▶ EXERCISE:
What is needed is an exact copy of the whole listing below, with no pictures.

####################

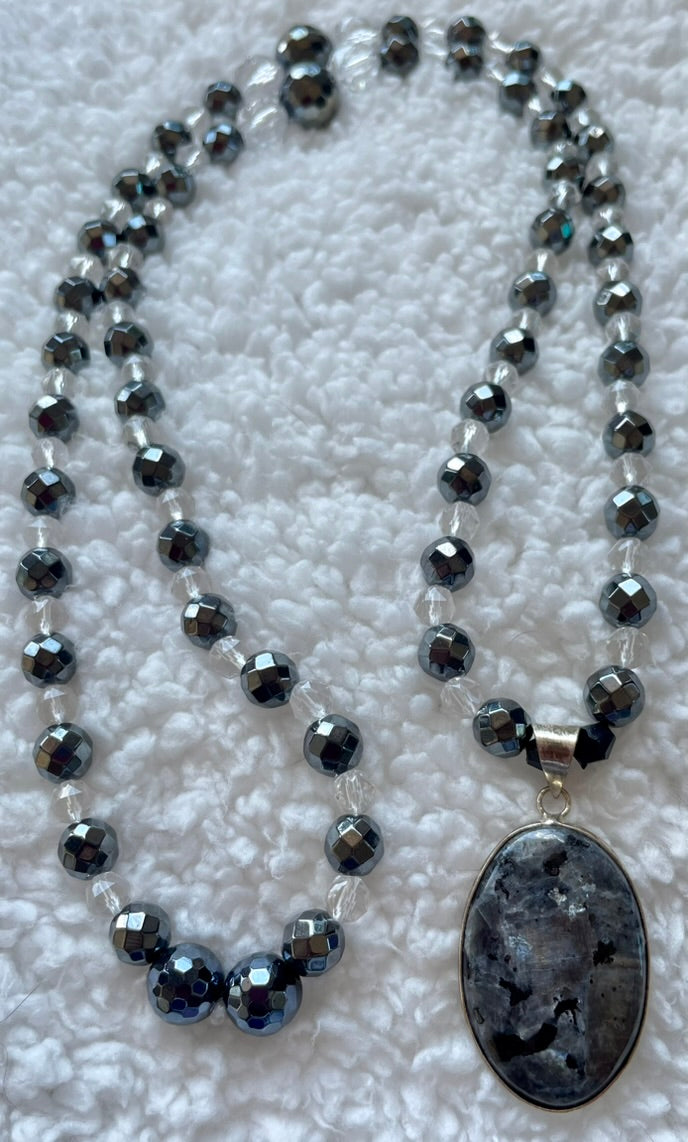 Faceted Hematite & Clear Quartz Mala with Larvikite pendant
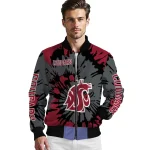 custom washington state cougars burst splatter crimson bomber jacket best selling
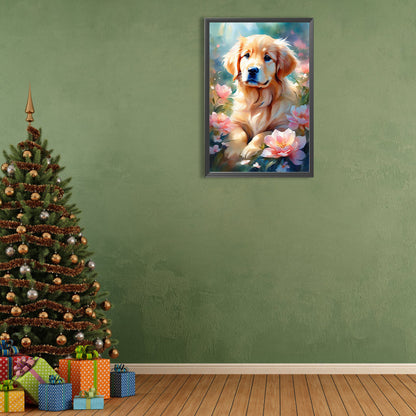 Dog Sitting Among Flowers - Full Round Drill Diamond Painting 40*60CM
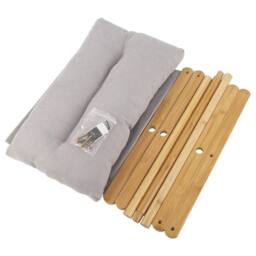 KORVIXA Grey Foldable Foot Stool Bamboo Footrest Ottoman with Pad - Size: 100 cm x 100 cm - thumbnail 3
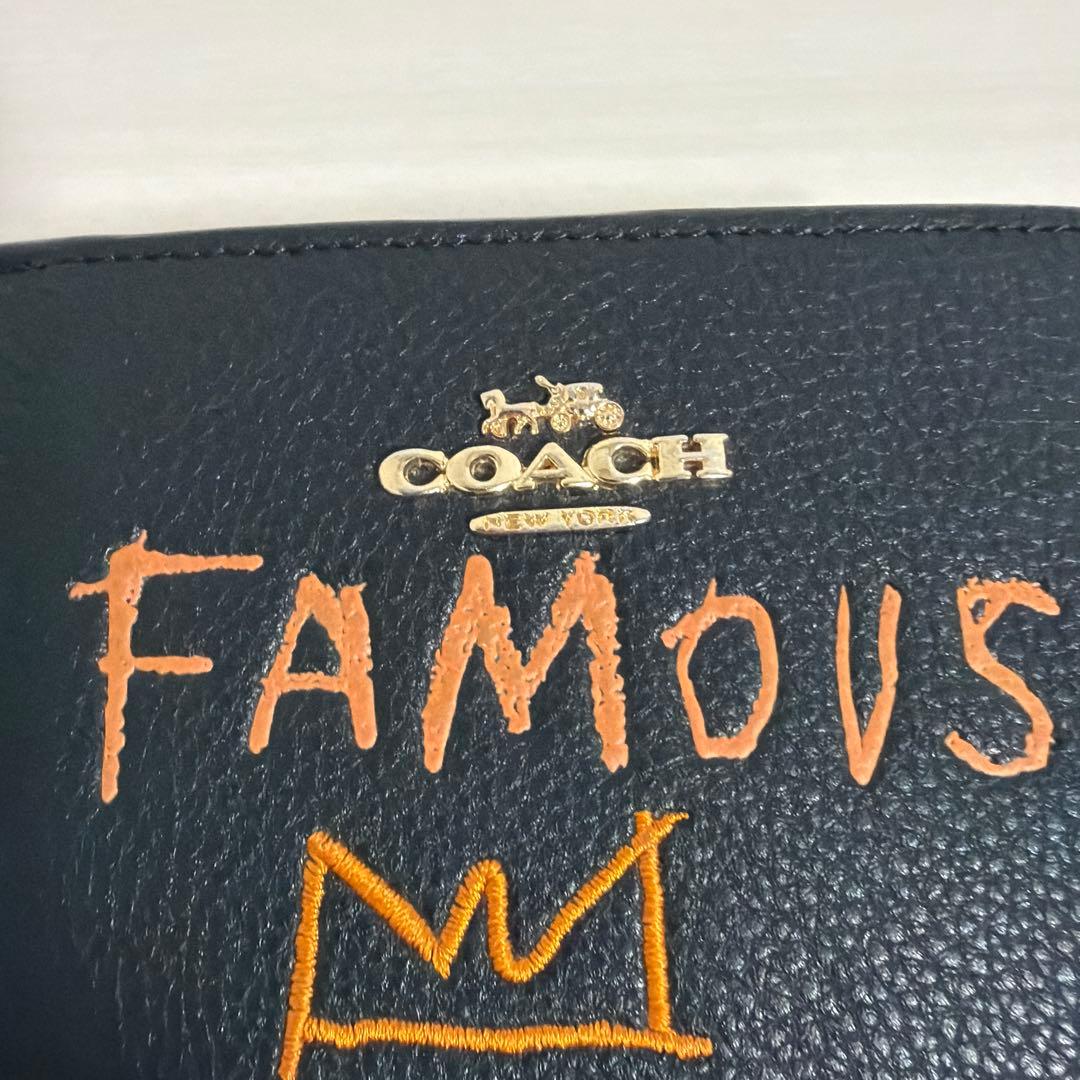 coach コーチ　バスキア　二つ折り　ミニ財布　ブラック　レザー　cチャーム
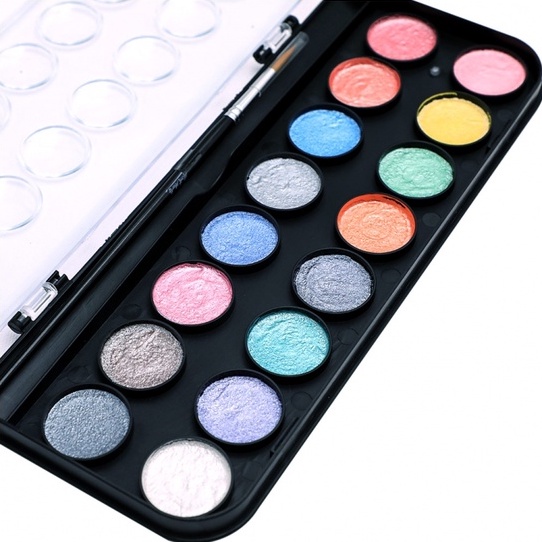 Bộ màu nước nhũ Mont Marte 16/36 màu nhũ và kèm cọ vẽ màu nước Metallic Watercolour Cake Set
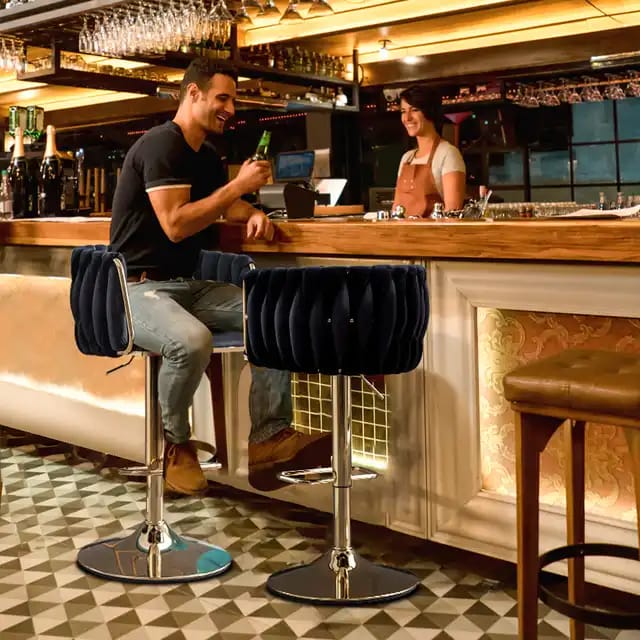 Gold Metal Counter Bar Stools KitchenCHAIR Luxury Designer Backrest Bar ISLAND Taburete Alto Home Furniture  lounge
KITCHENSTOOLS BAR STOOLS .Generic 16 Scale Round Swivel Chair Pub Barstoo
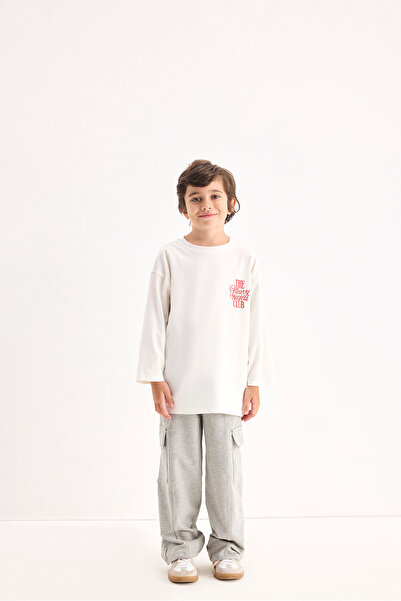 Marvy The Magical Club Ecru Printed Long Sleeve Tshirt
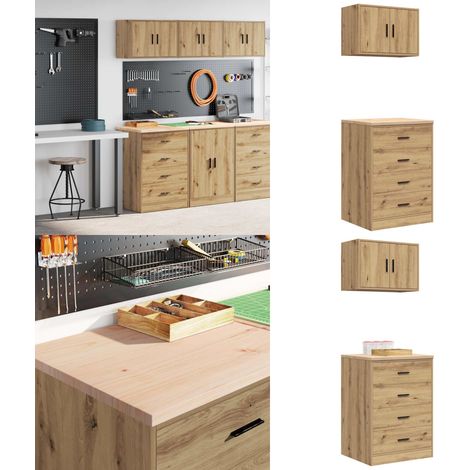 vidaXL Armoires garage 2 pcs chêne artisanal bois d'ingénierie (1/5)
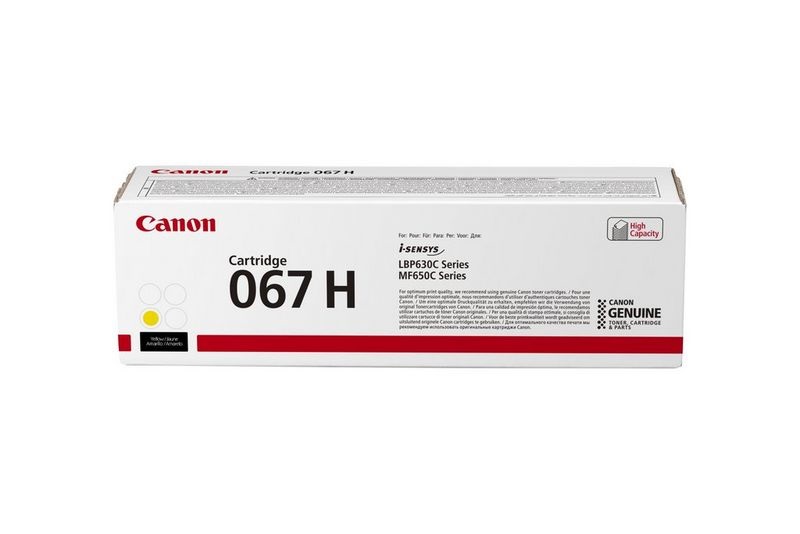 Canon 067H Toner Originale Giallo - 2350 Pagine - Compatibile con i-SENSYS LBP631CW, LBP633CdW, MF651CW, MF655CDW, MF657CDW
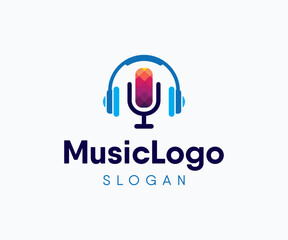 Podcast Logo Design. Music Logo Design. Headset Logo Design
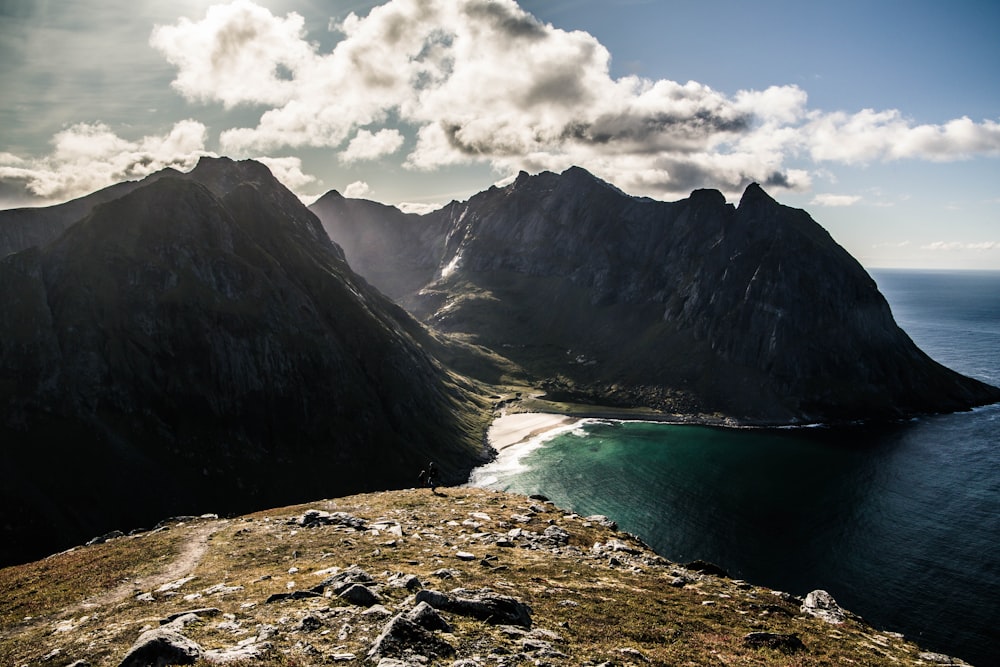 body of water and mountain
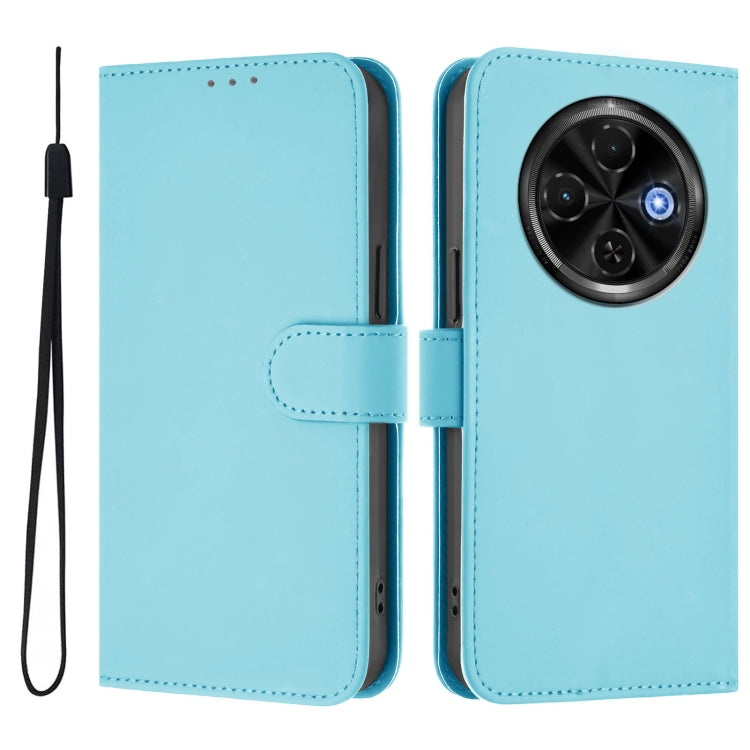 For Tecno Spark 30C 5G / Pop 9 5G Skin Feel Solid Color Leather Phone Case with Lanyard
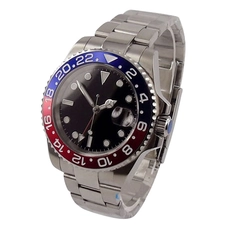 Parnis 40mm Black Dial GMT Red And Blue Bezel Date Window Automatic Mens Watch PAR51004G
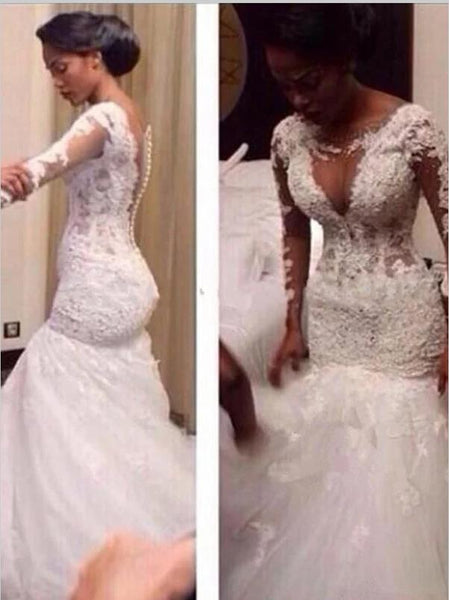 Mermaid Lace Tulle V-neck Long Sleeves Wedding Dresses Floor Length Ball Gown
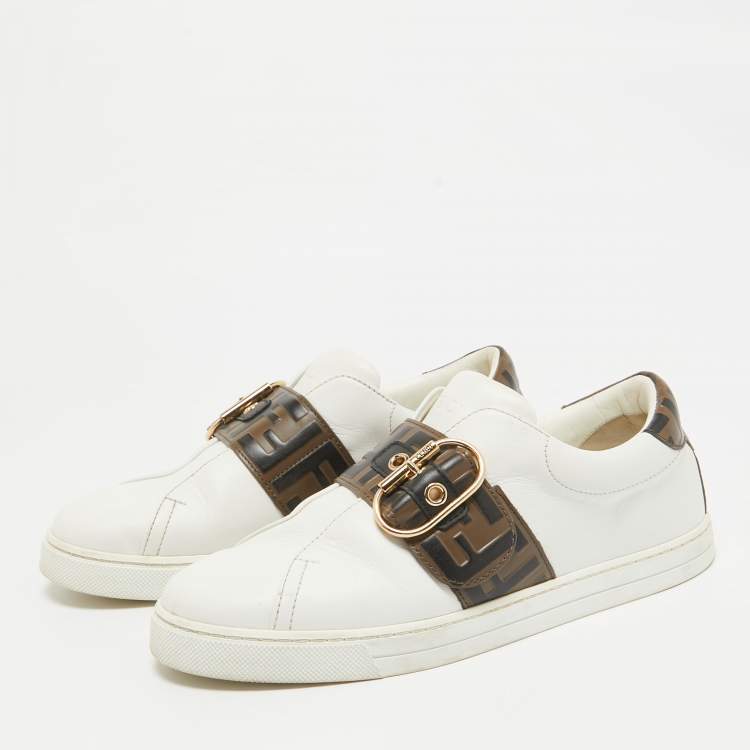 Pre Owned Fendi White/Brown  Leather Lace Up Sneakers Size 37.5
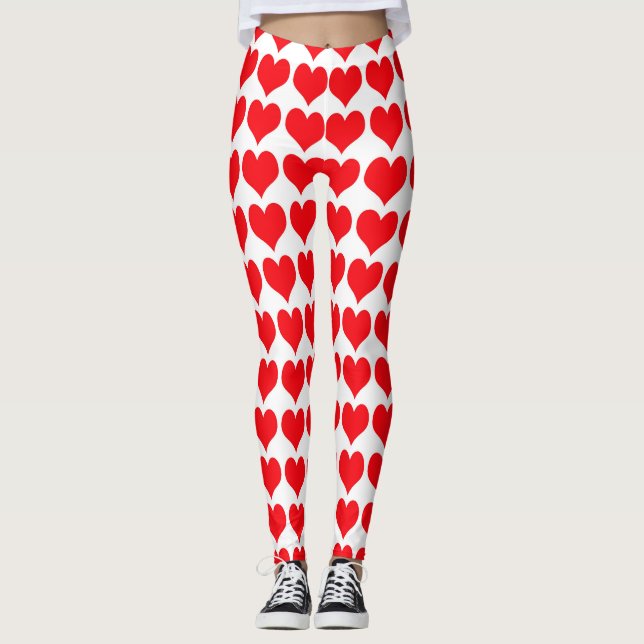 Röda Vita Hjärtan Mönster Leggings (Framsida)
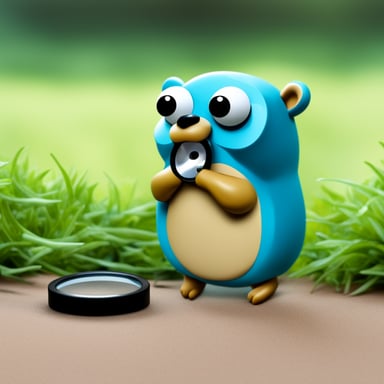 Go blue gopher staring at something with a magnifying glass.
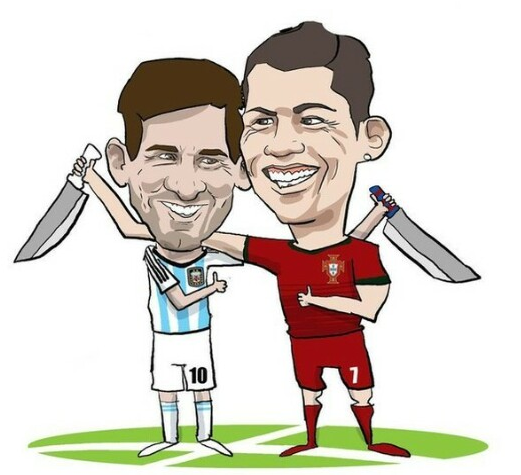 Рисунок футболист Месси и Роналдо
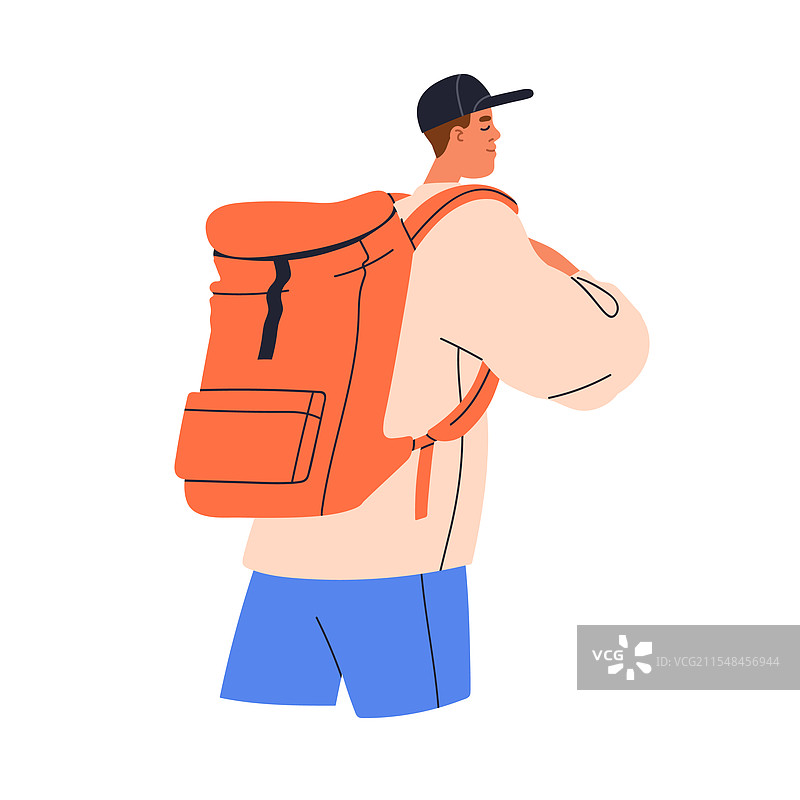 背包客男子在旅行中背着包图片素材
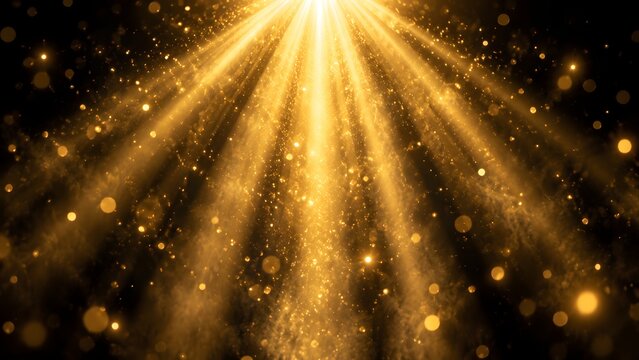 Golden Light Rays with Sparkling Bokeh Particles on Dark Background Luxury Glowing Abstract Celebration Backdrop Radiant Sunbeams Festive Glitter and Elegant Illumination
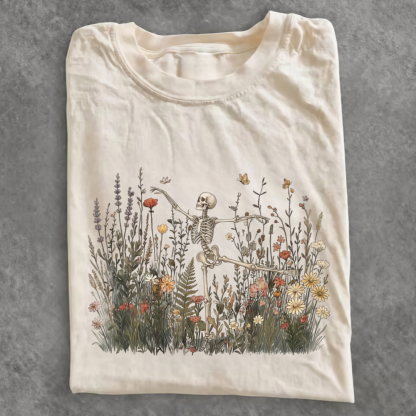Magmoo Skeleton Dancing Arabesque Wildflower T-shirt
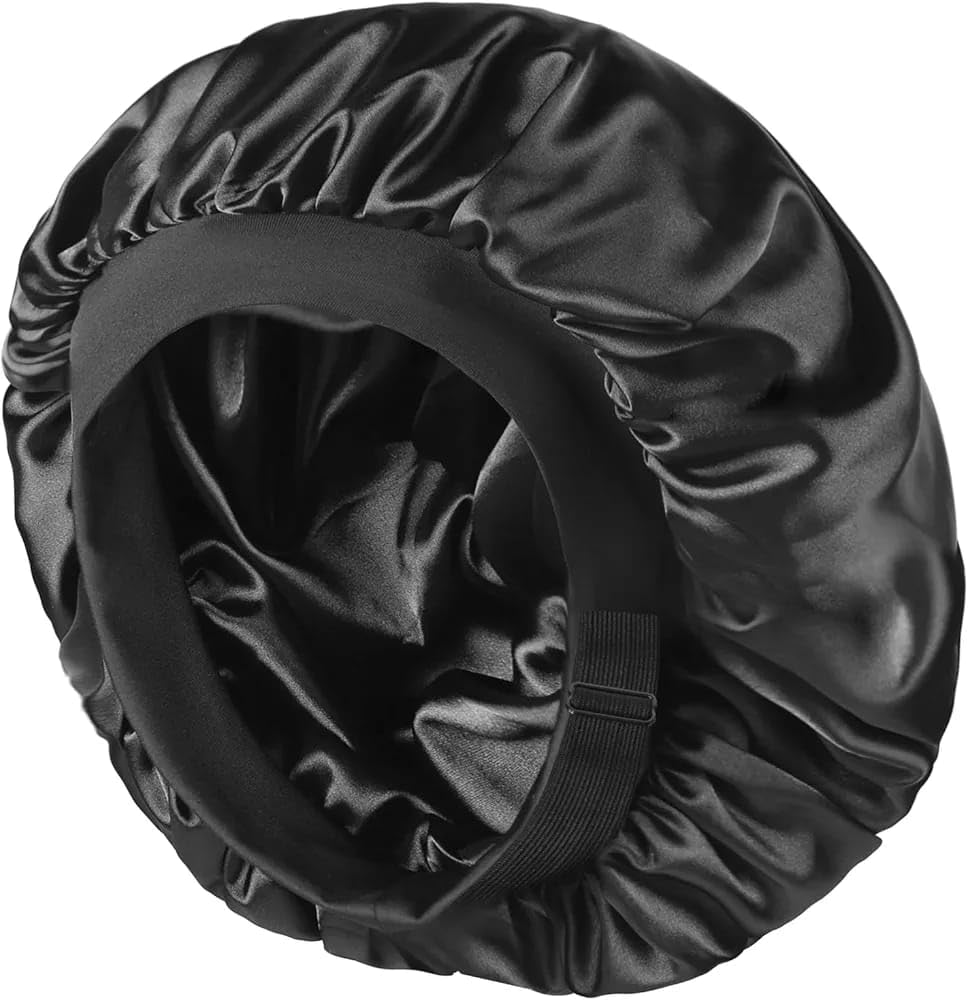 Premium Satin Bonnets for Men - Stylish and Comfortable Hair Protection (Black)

####################

▶ REPLY TO THE TASK:
 Faceted Hematite & Clear Quartz Mala with Larvikite pendant
 custom washington state cougars burst splatter crimson bomber jacket best selling
 Dog Sitting Among Flowers - Full Round Drill Diamond Painting 40*60CM
 KORVIXA Grey Foldable Foot Stool Bamboo Footrest Ottoman with Pad - Size: 100 cm x 100 cm - thumbnail 3
 coach コーチ　バスキア　二つ折り　ミニ財布　ブラック　レザー　cチャーム
 Bộ màu nước nhũ Mont Marte 16/36 màu nhũ và kèm cọ vẽ màu nước Metallic Watercolour Cake Set
 Gold Metal Counter Bar Stools KitchenCHAIR Luxury Designer Backrest Bar ISLAND Taburete Alto Home Furniture  lounge
KITCHENSTOOLS BAR STOOLS .Generic 16 Scale Round Swivel Chair Pub Barstoo
 Marvy The Magical Club Ecru Printed Long Sleeve Tshirt
 vidaXL Armoires garage 2 pcs chêne artisanal bois d'ingénierie (1/5)
 Canon 067H Toner Originale Giallo - 2350 Pagine - Compatibile con i-SENSYS LBP631CW, LBP633CdW, MF651CW, MF655CDW, MF657CDW
 Podcast Logo Design. Music Logo Design. Headset Logo Design
 body of water and mountain
 For Tecno Spark 30C 5G / Pop 9 5G Skin Feel Solid Color Leather Phone Case with Lanyard
 Parnis 40mm Black Dial GMT Red And Blue Bezel Date Window Automatic Mens Watch PAR51004G
 Mermaid Lace Tulle V-neck Long Sleeves Wedding Dresses Floor Length Ball Gown
 Pre Owned Fendi White/Brown  Leather Lace Up Sneakers Size 37.5
 Röda Vita Hjärtan Mönster Leggings (Framsida)
 Go blue gopher staring at something with a magnifying glass.
 Рисунок футболист Месси и Роналдо
 背包客男子在旅行中背着包图片素材
 Golden Light Rays with Sparkling Bokeh Particles on Dark Background Luxury Glowing Abstract Celebration Backdrop Radiant Sunbeams Festive Glitter and Elegant Illumination
Magmoo Skeleton Dancing Arabesque Wildflower T-shirt
 Premium Satin Bonnets for Men - Stylish and Comfortable Hair Protection (Black)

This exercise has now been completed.